DATASET EXCERPTS: Begin
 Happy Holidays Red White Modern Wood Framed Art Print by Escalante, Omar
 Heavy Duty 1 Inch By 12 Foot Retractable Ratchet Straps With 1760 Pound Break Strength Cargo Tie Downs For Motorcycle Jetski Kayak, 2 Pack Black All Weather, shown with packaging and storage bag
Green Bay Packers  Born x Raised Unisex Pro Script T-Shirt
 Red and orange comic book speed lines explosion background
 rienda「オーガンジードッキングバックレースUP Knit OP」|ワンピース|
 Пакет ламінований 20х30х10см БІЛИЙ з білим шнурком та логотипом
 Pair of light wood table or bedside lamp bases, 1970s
DATASET EXCERPTS: End
DATASET EXCERPTS: Begin
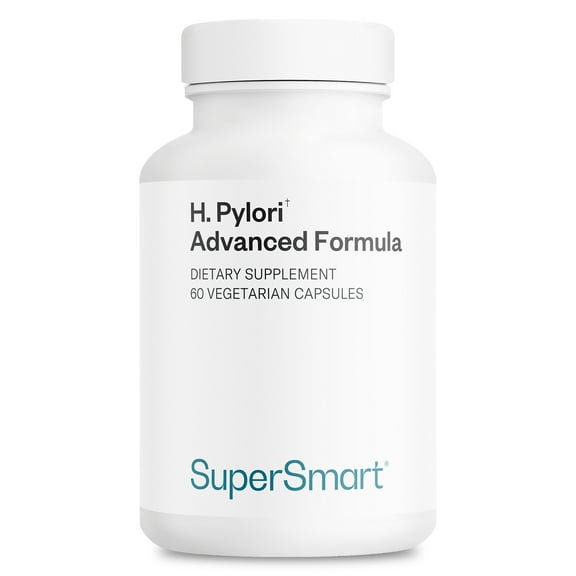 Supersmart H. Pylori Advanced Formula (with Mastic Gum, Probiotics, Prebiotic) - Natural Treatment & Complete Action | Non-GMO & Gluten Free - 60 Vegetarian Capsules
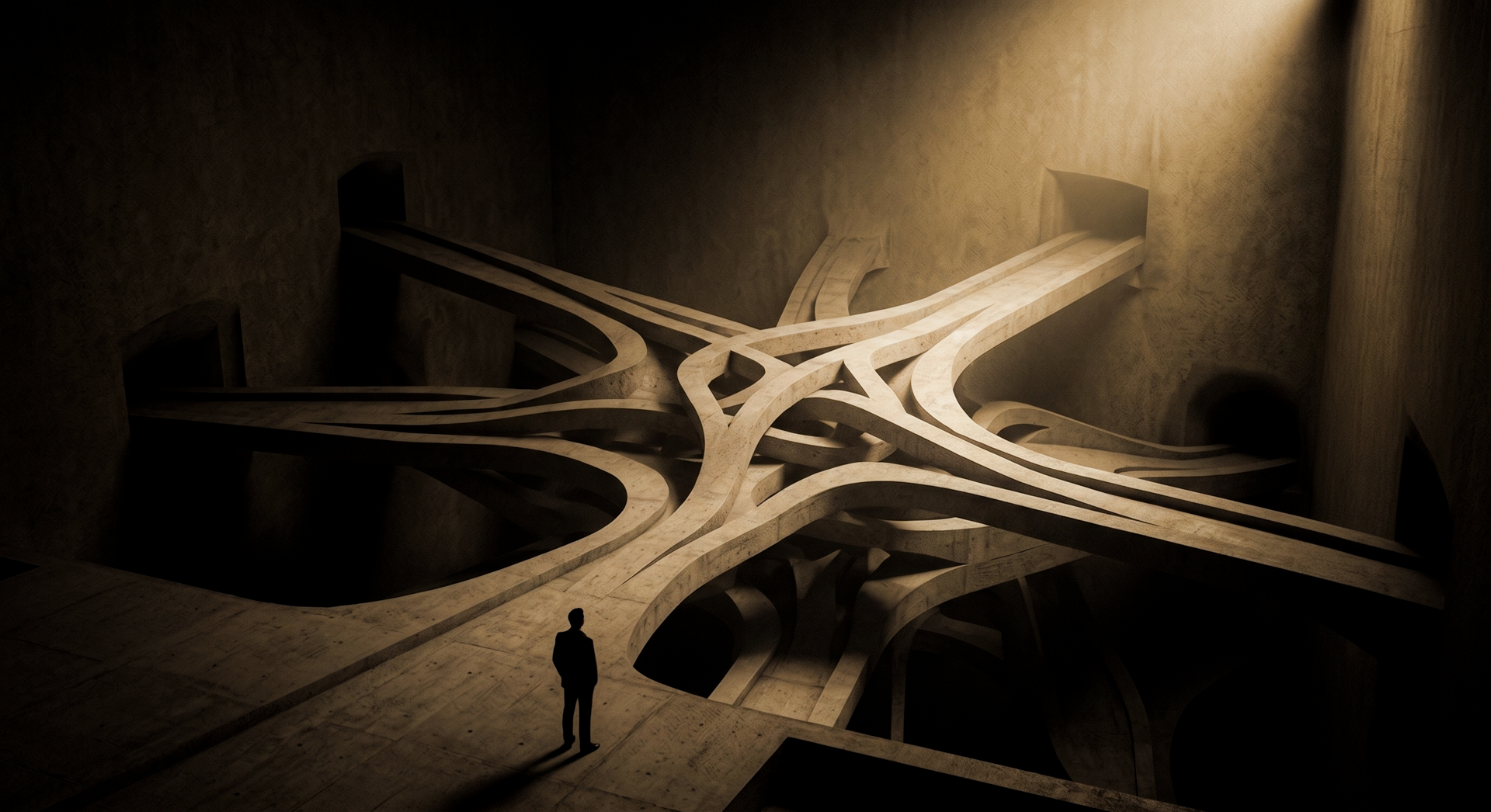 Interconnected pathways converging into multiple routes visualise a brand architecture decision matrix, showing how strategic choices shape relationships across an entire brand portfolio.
DATASET EXCERPTS: End
DATASET EXCERPTS: Begin
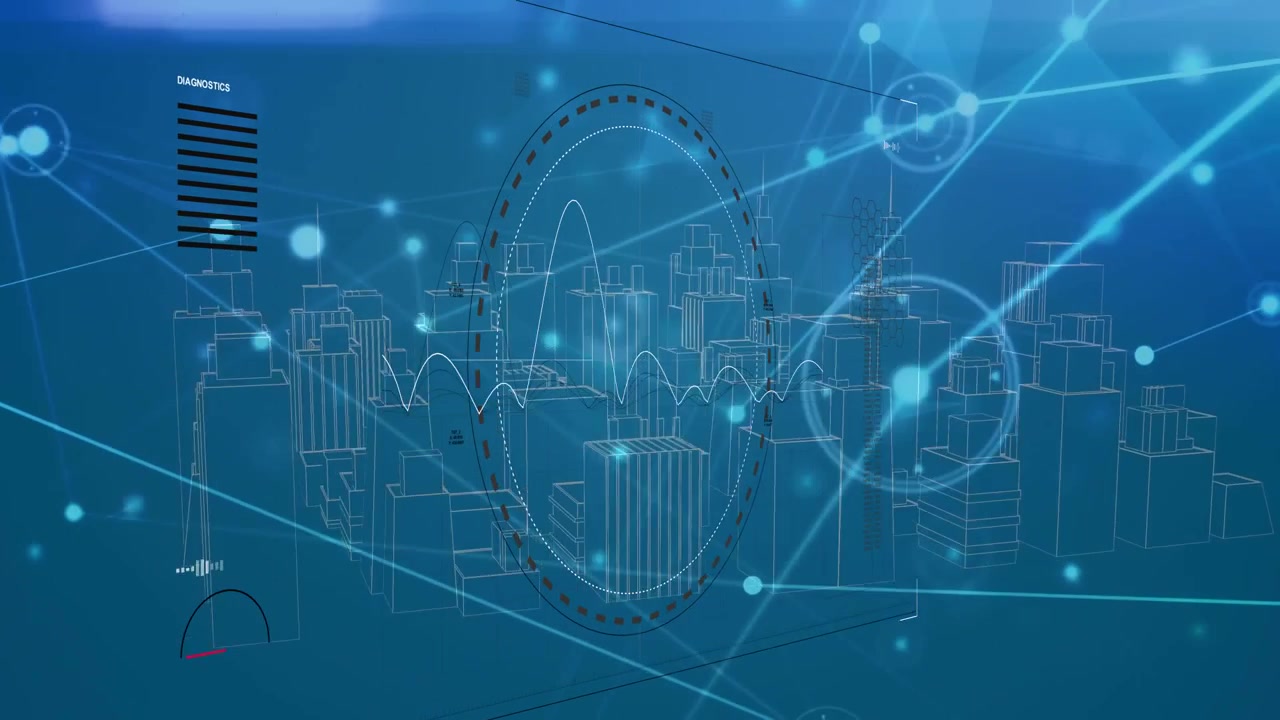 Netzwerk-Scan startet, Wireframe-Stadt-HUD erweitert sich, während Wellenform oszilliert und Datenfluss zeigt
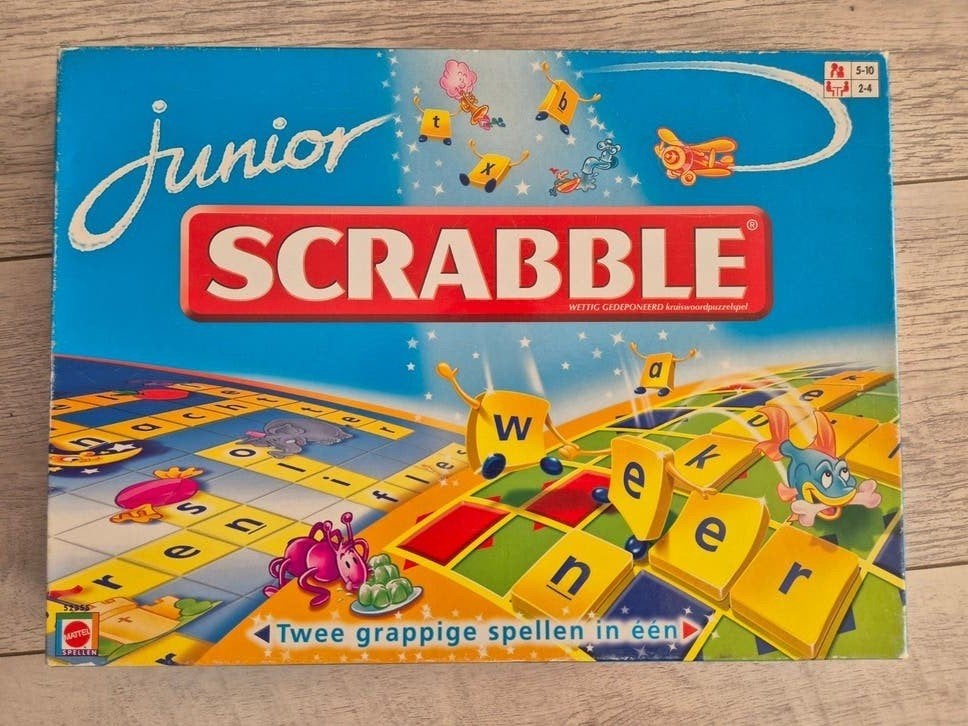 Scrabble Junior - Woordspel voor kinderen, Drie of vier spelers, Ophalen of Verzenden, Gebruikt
DATASET EXCERPTS: End
EXERCISE PROMPT: Reproduce the lines of the entries above from the one with "Red and orange" to the one with "Pair of light", both included, exactly and without any other line.

RESULT OF THIS TASK:
 Red and orange comic book speed lines explosion background
 rienda「オーガンジードッキングバックレースUP Knit OP」|ワンピース|
 Пакет ламінований 20х30х10см БІЛИЙ з білим шнурком та логотипом
 Pair of light wood table or bedside lamp bases, 1970s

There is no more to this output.